In terms of disadvantages, the model may overfit when provided with large numbers of features. Logistic regression can only learn linear functions and is less suitable to complex relationships between features and the target variable. Also, it may not handle irrelevant features well, especially if the features are strongly correlated.

Support Vector Machine

The objective of the support vector machine (SVM) algorithm is to maximize the margin (shown as shaded area in Figure 4-3), which is defined as the distance between the separating hyperplane (or decision boundary) and the training samples that are closest to this hyperplane, the so-called support vectors. The margin is calculated as the perpendicular distance from the line to only the closest points, as shown in Figure 4-3. Hence, SVM calculates a maximum-margin boundary that leads to a homogeneous partition of all data points.

mlbf 0403

In practice, the data is messy and cannot be separated perfectly with a hyperplane. The constraint of maximizing the margin of the line that separates the classes must be relaxed. This change allows some points in the training data to violate the separating line. An additional set of coefficients is introduced that give the margin wiggle room in each dimension. A tuning parameter is introduced, simply called C, that defines the magnitude of the wiggle allowed across all dimensions. The larger the value of C, the more violations of the hyperplane are permitted.

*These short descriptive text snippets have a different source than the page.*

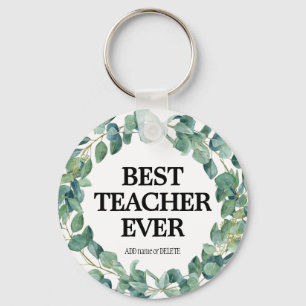 Bester Lehrer je danken Ihnen Dankbarkeit Geschenk Schlüsselanhänger
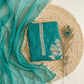 Teal Blue Soft Tissue 3-Piece Suit Fabric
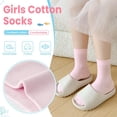 thumbnail image 2 of Girls Socks Little Kids Crew Socks Cotton Cute Youth Dress Socks 6 Pairs, 2 of 6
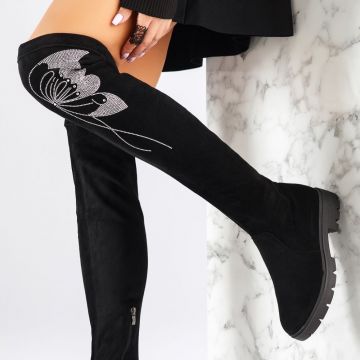 Cizme Lungi Dama Sophia Negre #13221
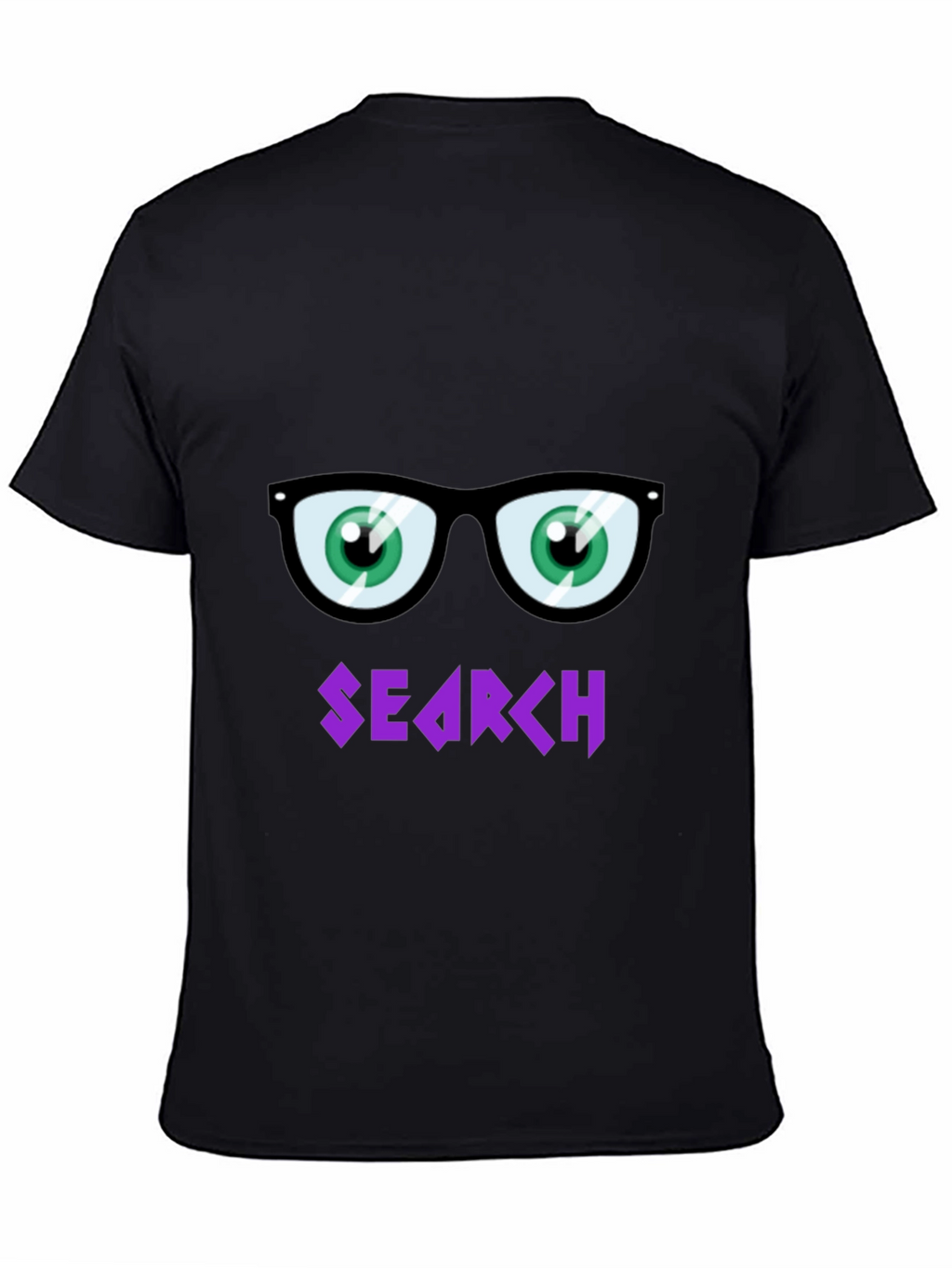 Funny Search T-Shirt with Cartoon Eyes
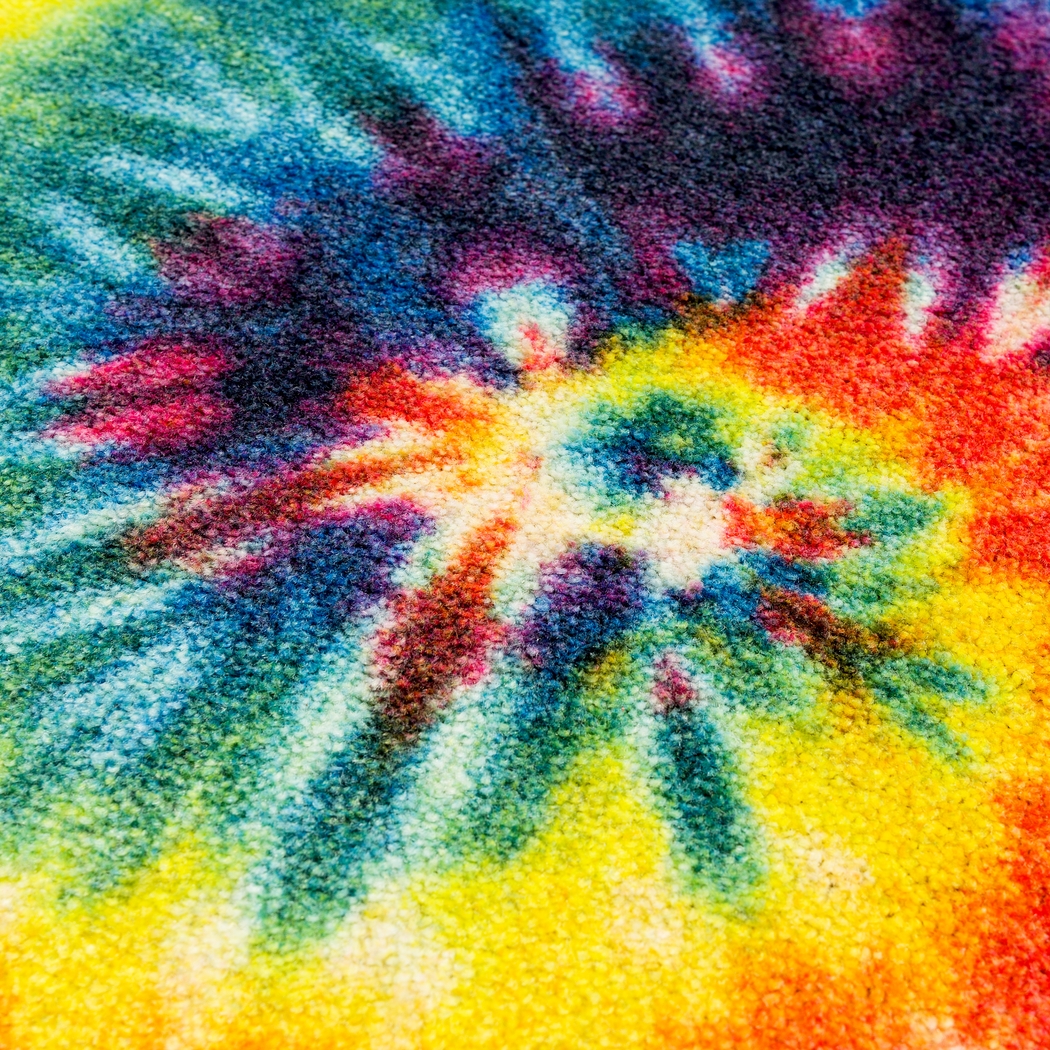 Kids Rainbow Wave Orange 5' x 8' Rug - Thumbnail - Image 2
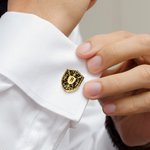 Boutons de Manchette et Pince à Cravate en laiton Personnalisés Accessoires de Costume Vintage Cadeau d'Anniversaire pour Lui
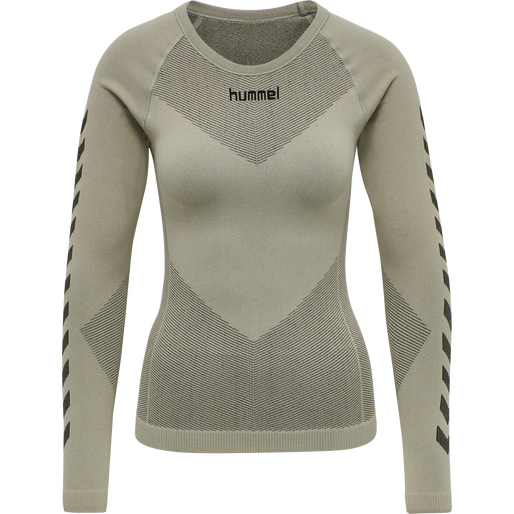 HUMMEL FIRST SEAMLESS JERSEY L/S W, LONDON FOG, packshot
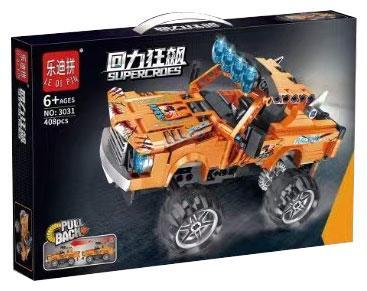 Bộ lắp ráp Le Di Pin 3031 Xe Tải Quái Vật Cam Kéo Lùi Supercroes 408 mảnh ghép, đồ chơi mô hình cho bé trai 6 tuổi, giá tốt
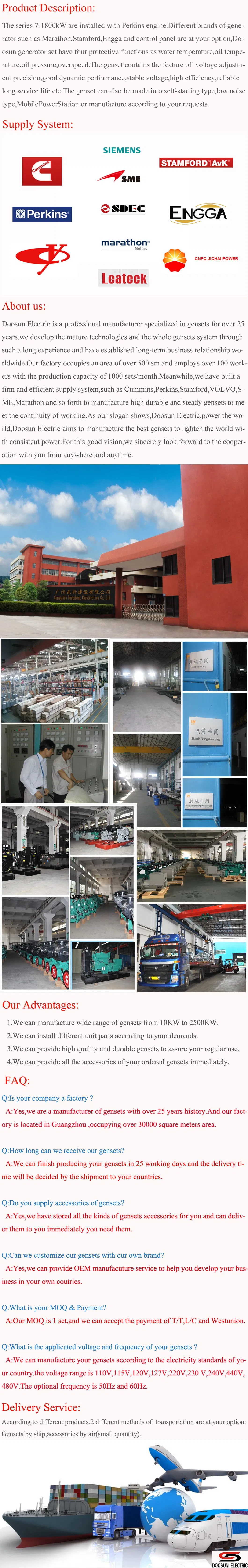 Japan 240kw/300kVA Diesel Generator Set Free Energy Generator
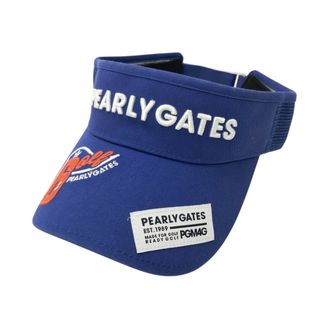 PEARLY GATES パーリーゲイツ  サンバイザー  ネイビー系 FR [240101489973] ゴルフウェア ストスト(サンバイザー)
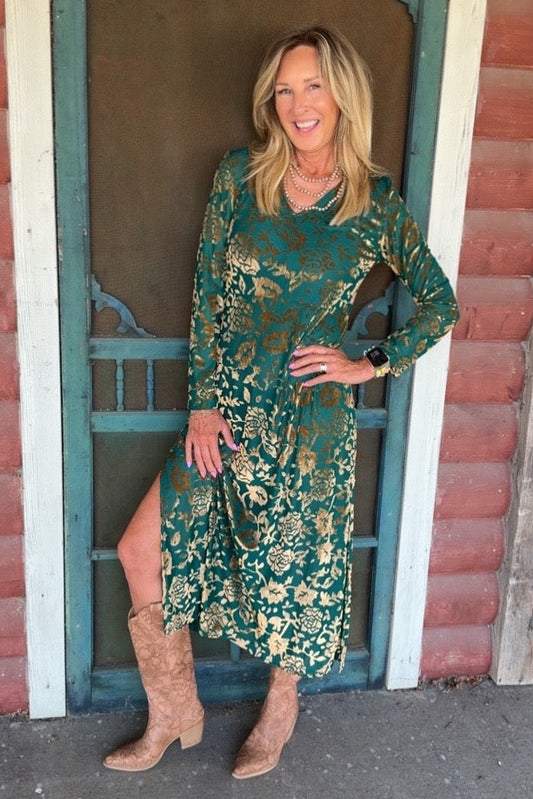 Golden Hour Garden Dress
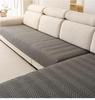 2026 New Autumn/Winter Non-Slip Waterproof Sofa Cover - Simple Style, Thick Brushed Fabric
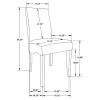 CoasterEssence 102062 Stanton - Upholstered Dining Side Chairs (Set of 2) - Gray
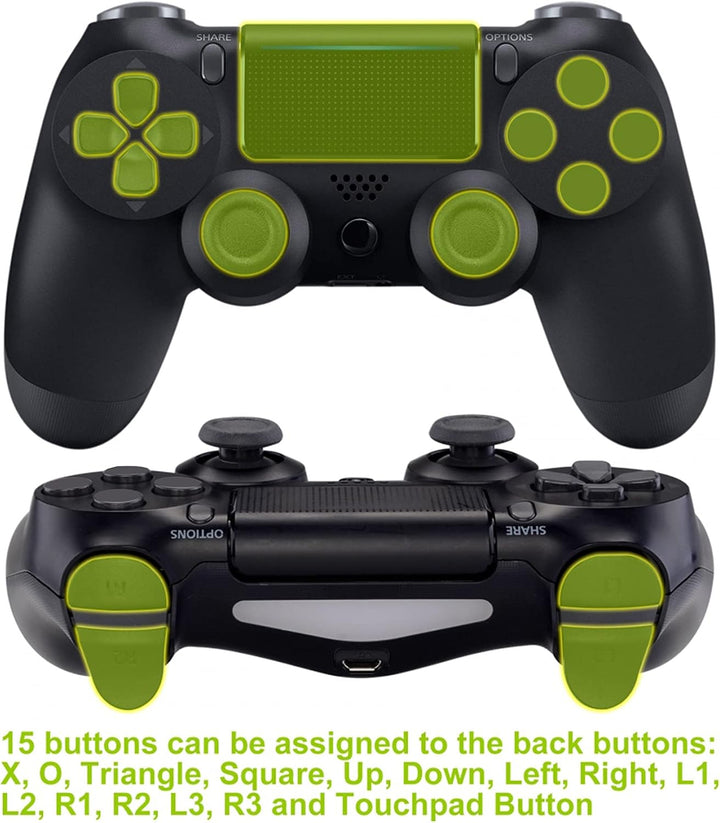 eXtremeRate Programmierbar Dawn Remap Kit für ps4 Controller, Rückseite Hülle Gehäuse Case&amp;Upgrade-B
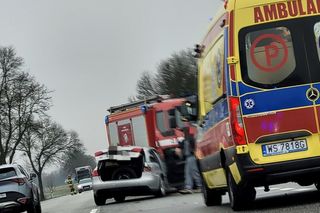 Zdarzenie drogowe na DK2 spowodowało utrudnienia w ruchu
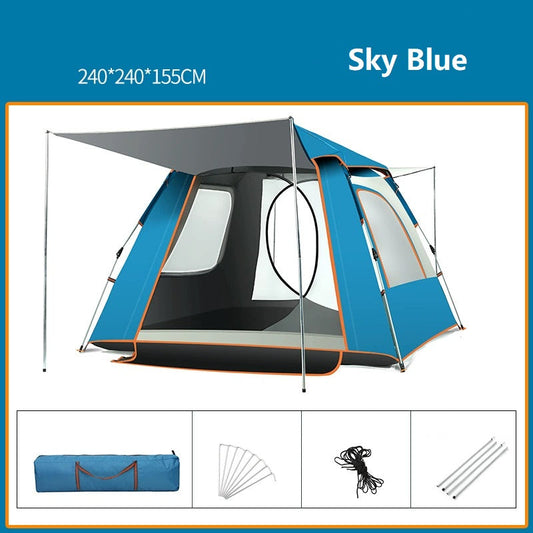 Family Tent – Lightweight & Easy to Set Up JLP74816 ECOTREK
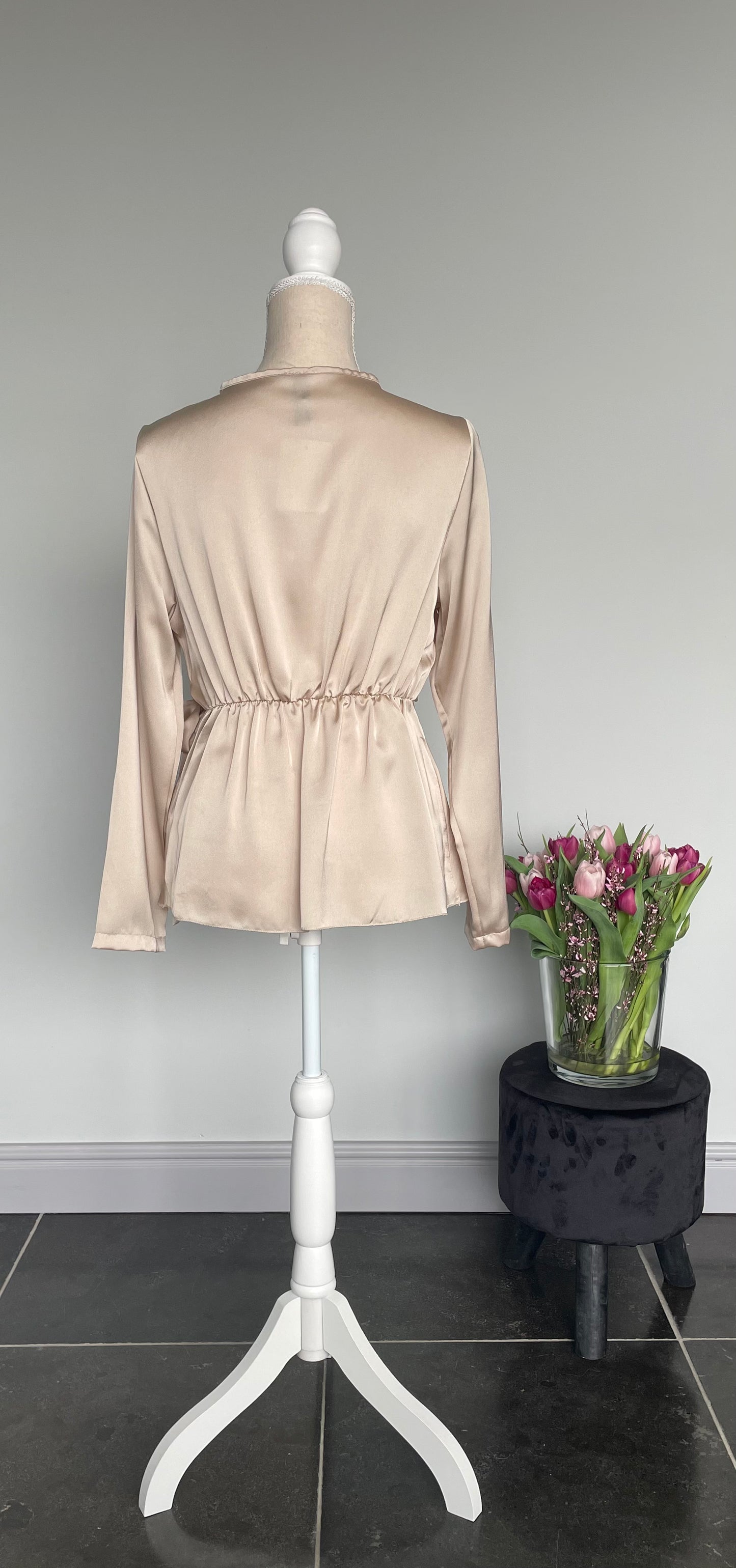 Blouse cache-coeur | beige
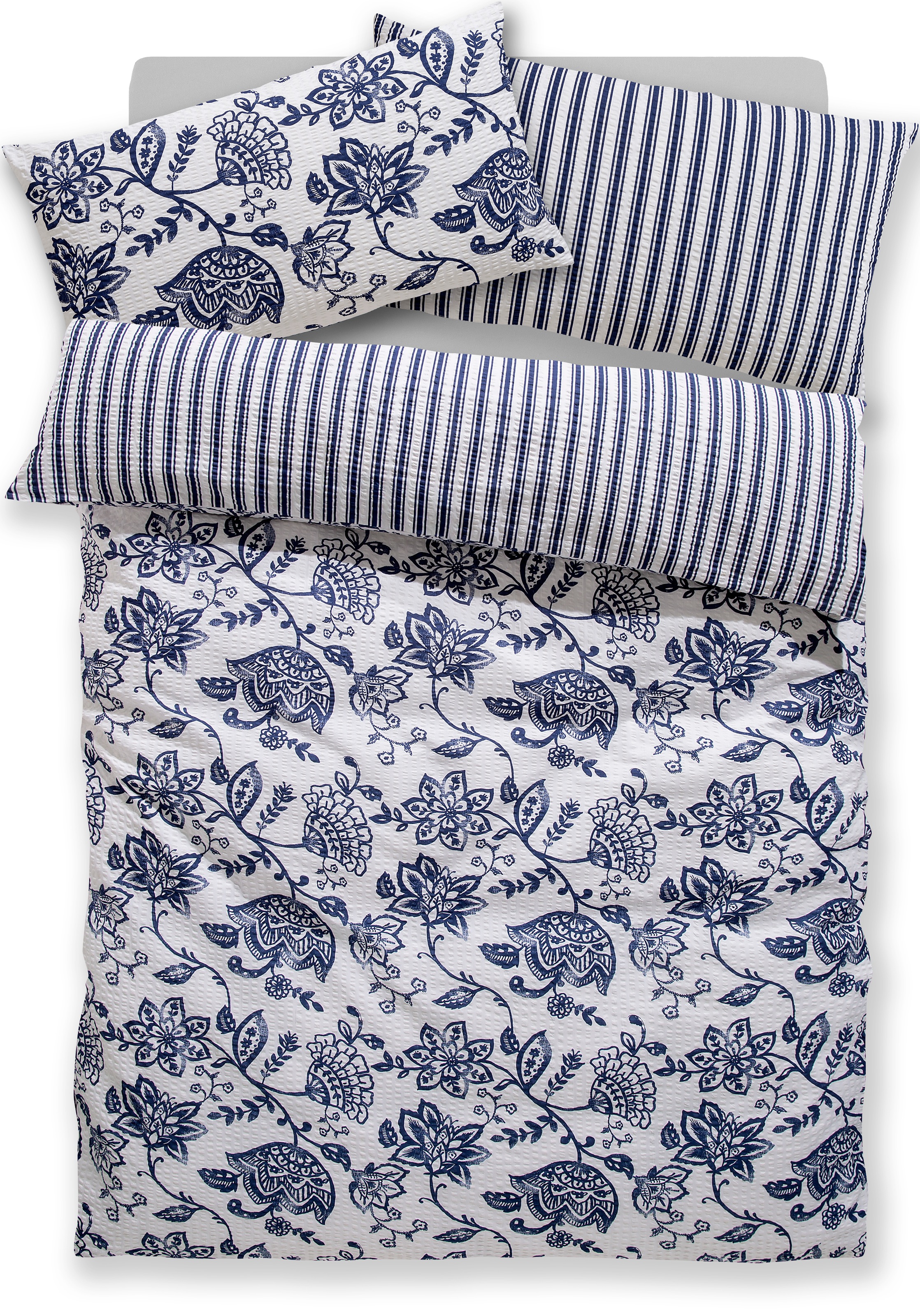 andas Bettwäsche »Nordby« 2 Stk. tlg. Bettwäsche aus Baumwolle, skandinavis günstig online kaufen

In some cases, it is not possible to find a hyperplane or a linear decision boundary, and kernels are used. A kernel is just a transformation of the input data that allows the SVM algorithm to treat/process the data more easily. Using kernels, the original data is projected into a higher dimension to classify the data better.

SVM is used for both classification and regression. We achieve this by converting the original optimization problem into a dual problem. For regression, the trick is to reverse the objective. Instead of trying to fit the largest possible street between two classes while limiting margin violations, SVM regression tries to fit as many instances as possible on the street (shaded area in Figure 4-3) while limiting margin violations. The width of the street is controlled by a hyperparameter.

The SVM regression and classification models can be constructed using the sklearn package of Python, as shown in the following code snippets:

Regression

from sklearn.svm import SVR
model = SVR()
model.fit(X, Y)

Classification

from sklearn.svm import SVC
model = SVC()
model.fit(X, Y)

Hyperparameters

The following key parameters are present in the sklearn implementation of SVM and can be tweaked while performing the grid search:Kernels (kernel in sklearn)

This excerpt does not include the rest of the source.